## Records provided
........

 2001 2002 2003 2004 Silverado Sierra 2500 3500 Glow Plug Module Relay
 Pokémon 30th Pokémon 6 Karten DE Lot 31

........

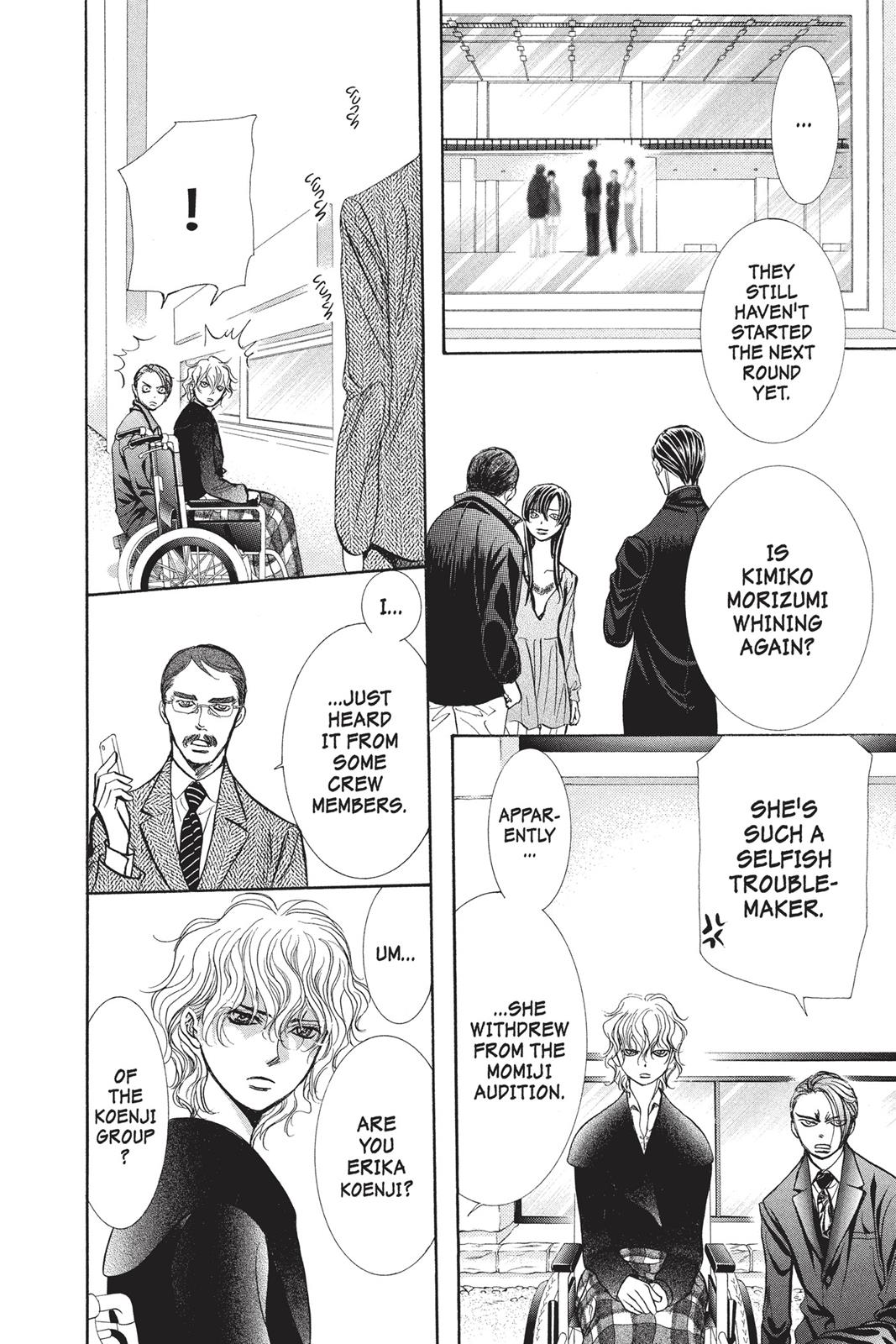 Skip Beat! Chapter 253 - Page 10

........

## What you are asked to do
Both end lines included, restate word for word the lines above from the line with "2001 2002 2003" to the line with "Pokémon 30th Pokémon 6 Karten DE Lot 31", and nothing else.

## Response to this task
 2001 2002 2003 2004 Silverado Sierra 2500 3500 Glow Plug Module Relay
 Pokémon 30th Pokémon 6 Karten DE Lot 31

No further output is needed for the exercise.